◆ **Instructions to follow**: Your task is to output the listing exactly, leaving every image out.

Top of Source material

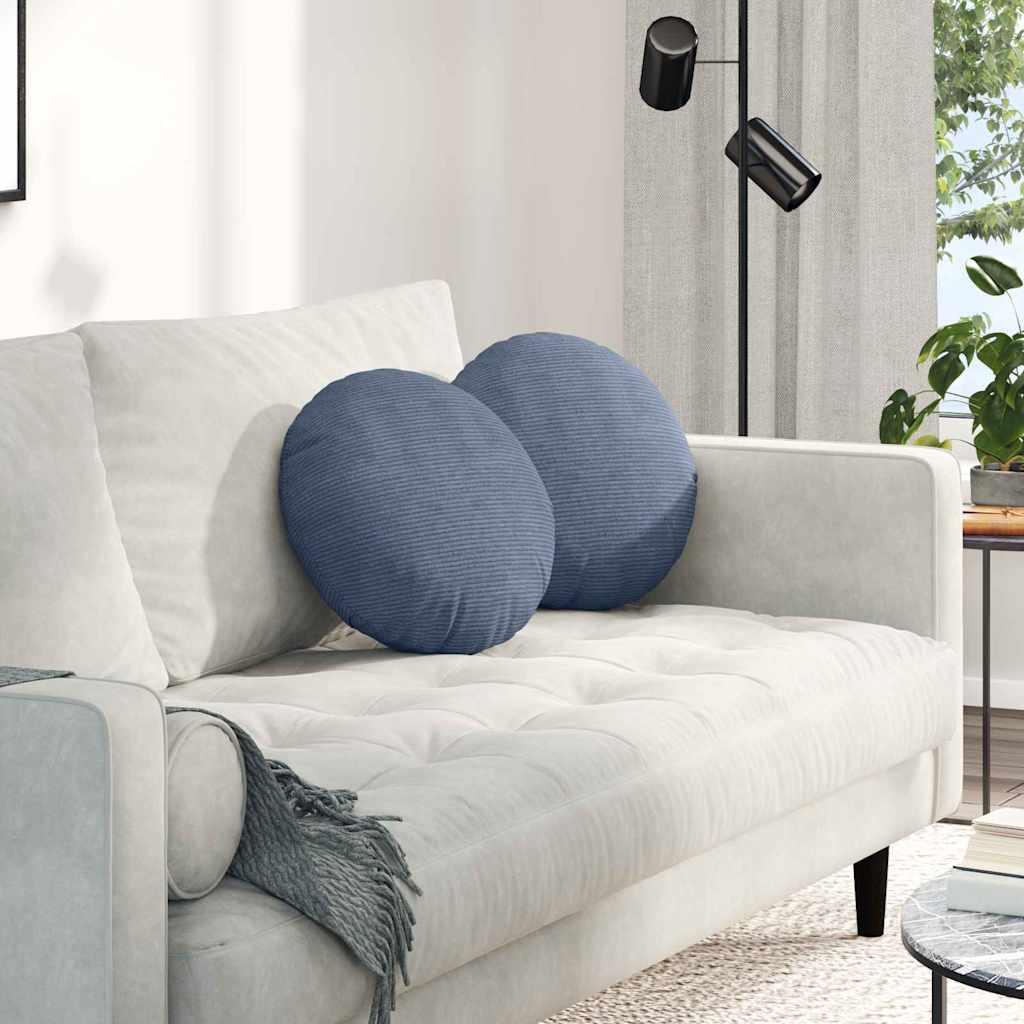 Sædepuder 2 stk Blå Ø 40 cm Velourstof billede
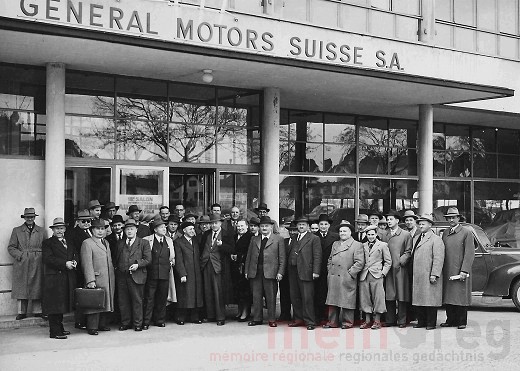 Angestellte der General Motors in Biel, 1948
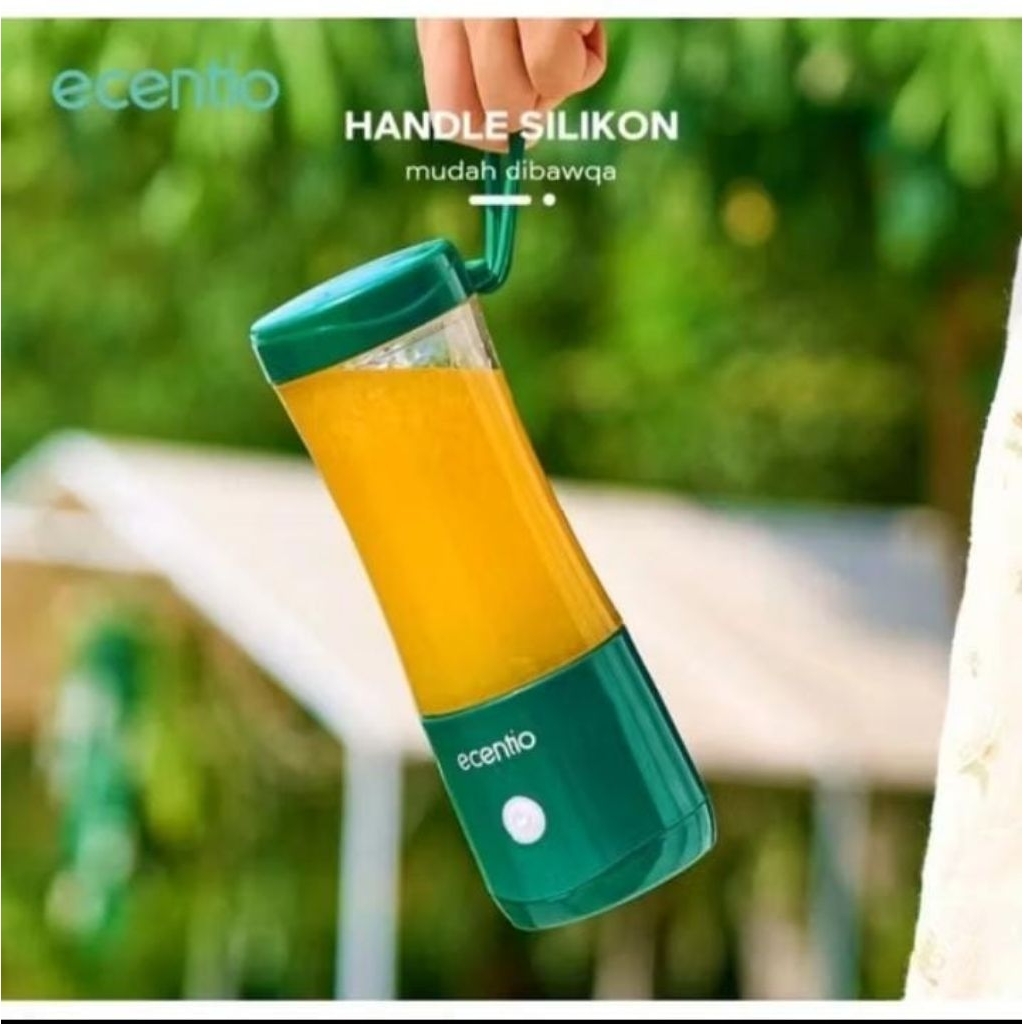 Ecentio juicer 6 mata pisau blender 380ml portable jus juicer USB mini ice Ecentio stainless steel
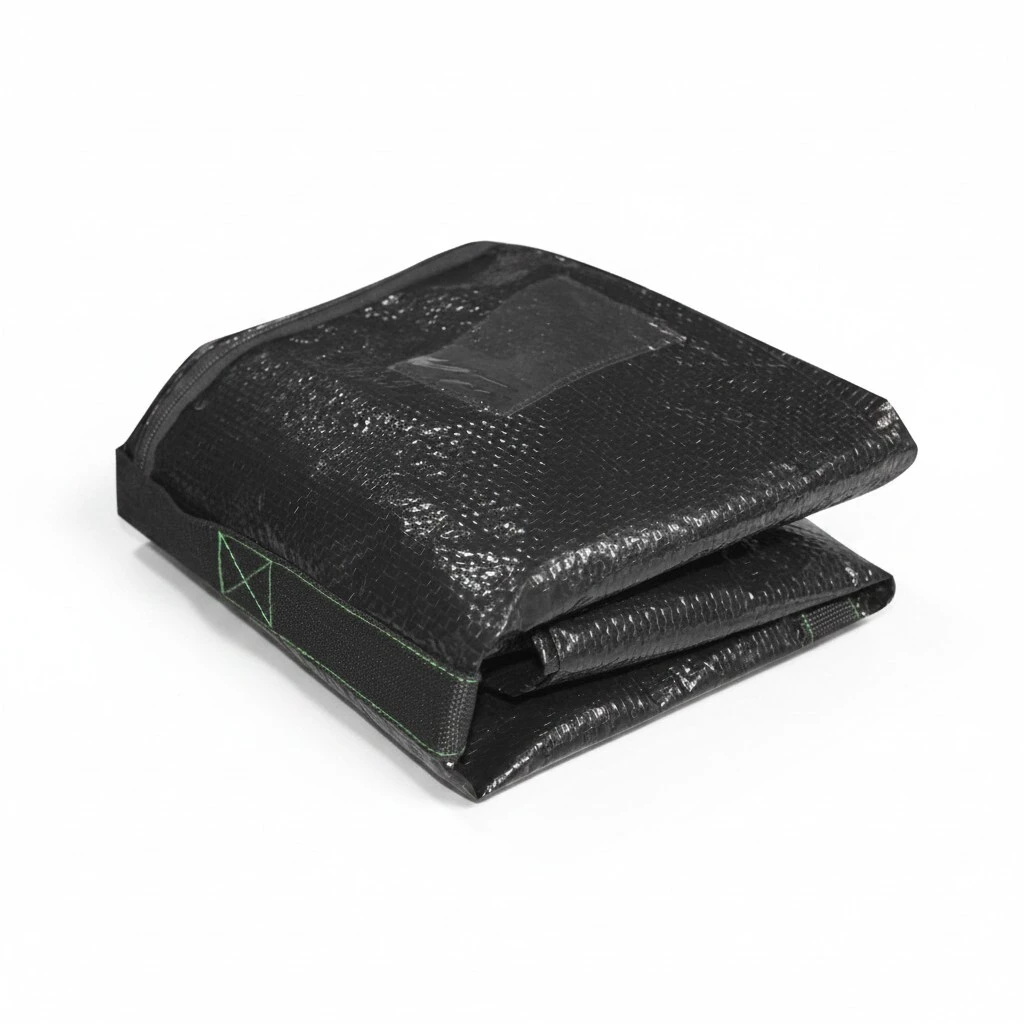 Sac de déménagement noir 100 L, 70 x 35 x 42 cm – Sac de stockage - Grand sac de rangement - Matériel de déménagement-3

Bottom of Source material

◆ **Answer for this exercise**:
 Sædepuder 2 stk Blå Ø 40 cm Velourstof billede
 Angestellte der General Motors in Biel, 1948
 Ecentio juicer 6 mata pisau blender 380ml portable jus juicer USB mini ice Ecentio stainless steel
 Sac de déménagement noir 100 L, 70 x 35 x 42 cm – Sac de stockage - Grand sac de rangement - Matériel de déménagement-3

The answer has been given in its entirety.